Bor-Sen Chen (F’01) received the B.S. degree from Tatung Institute of Technology, Taipei, Taiwan, in 1970, the M.S. degree from National Central University, Chungli, Taiwan, in 1973, and the Ph.D. degree from the University of Southern California, Los Angeles, in 1982. He was a Lecturer, Associate Professor, and Professor with Tatung Institute of Technology from 1973 to 1987. He is currently the Tsing Hua Chair Professor of electrical engineering and computer science with the Department of Electrical Engineering, National Tsing Hua University, Hsinchu, Taiwan. He is an Editor of the Asian Journal of Control and a Member of the Editorial Advisory Board of Fuzzy Sets and Systems and the International Journal of Control, Automotion and Systems; and was the Editor-in-chief of the International Journal of Fuzzy Systems from 2005 to 2008. He is currently the Editor-in-Chief of the International Journal of Systems and Synthetic Biology and a member of Editorial Board of BMC Systems Biology. His current research interests are control engineering, signal processing, and systems biology. Dr. Chen is a Research Fellow of the National Science Council of Taiwan and holds the excellent scholar Chair in engineering. He was an Associate Editor for the IEEE T RANSACTIONS ON F UZZY S YSTEMS from 2001 to 2006. He was the recipient of the Distinguished Research Award from the National Science Council of Taiwan four times, the Automatic Control Medal from the Automatic Control Society of Taiwan in 2001.

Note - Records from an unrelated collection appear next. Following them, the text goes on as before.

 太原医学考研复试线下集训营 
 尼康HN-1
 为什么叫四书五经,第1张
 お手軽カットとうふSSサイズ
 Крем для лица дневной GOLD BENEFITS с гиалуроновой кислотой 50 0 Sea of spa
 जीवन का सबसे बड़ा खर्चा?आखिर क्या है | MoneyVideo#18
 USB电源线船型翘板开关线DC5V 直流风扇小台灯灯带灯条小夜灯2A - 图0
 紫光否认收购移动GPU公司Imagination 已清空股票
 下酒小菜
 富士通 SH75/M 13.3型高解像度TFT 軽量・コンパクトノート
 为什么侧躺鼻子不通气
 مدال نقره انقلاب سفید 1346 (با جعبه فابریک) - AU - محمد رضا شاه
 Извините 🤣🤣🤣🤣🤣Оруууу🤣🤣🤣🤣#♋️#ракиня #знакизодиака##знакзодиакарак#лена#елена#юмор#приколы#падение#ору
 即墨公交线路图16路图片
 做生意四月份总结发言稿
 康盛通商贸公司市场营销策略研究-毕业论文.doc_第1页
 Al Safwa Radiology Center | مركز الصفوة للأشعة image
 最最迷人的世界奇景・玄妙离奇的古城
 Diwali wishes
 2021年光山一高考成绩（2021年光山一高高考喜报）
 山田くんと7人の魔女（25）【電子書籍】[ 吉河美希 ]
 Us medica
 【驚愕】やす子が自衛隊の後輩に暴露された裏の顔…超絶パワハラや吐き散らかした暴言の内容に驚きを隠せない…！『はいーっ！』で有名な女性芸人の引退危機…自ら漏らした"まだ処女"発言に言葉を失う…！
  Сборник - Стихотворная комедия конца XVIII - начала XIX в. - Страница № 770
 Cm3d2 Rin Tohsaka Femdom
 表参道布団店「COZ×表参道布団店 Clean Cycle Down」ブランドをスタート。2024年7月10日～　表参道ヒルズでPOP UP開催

Chang-Yi Yang received the B.S. and M.S. degrees in control engineering from National Chiao Tung University, Hsinchu, Taiwan, in 1983 and 1988, respectively, and the Ph.D. degree in electriccal engineering from National Tsing Hua University, Hsinchu, in 1992. From 1985 to 1986, he was an Assistant Researcher with Mechanical Industry Research Laboratories, Industrial Technology Research Institute, Hsinchu. From 1992 to 1996, he worked on widearea networking with Southern Information Systems Inc., Hsinchu. He was with the Department of Electronic Engineering at Vanung University, Jhongli, Taiwan, from 1996 to 2004. Since 2004, he has been with the Department of Computer Science and Information Engineering, National Penghu University of Science and Technology, Magong City, Taiwan, where he currently is an Associate Professor. His research interests include communication theory and its applications to wireless networks.
Wei-Ji Liao received the B.S. degree from National Yunlin University of Science and Technology, Yunlin, Taiwan, in 2007 and the M.S. degree from National Tsing Hua University, Hsinchu, Taiwan, in 2010, both in electrical engineering. He is currently a Hardware Engineer with Compal Communications Inc., Taipei, Taiwan. His research interests include wireless communication, signal processing, and channel estimation for communication systems.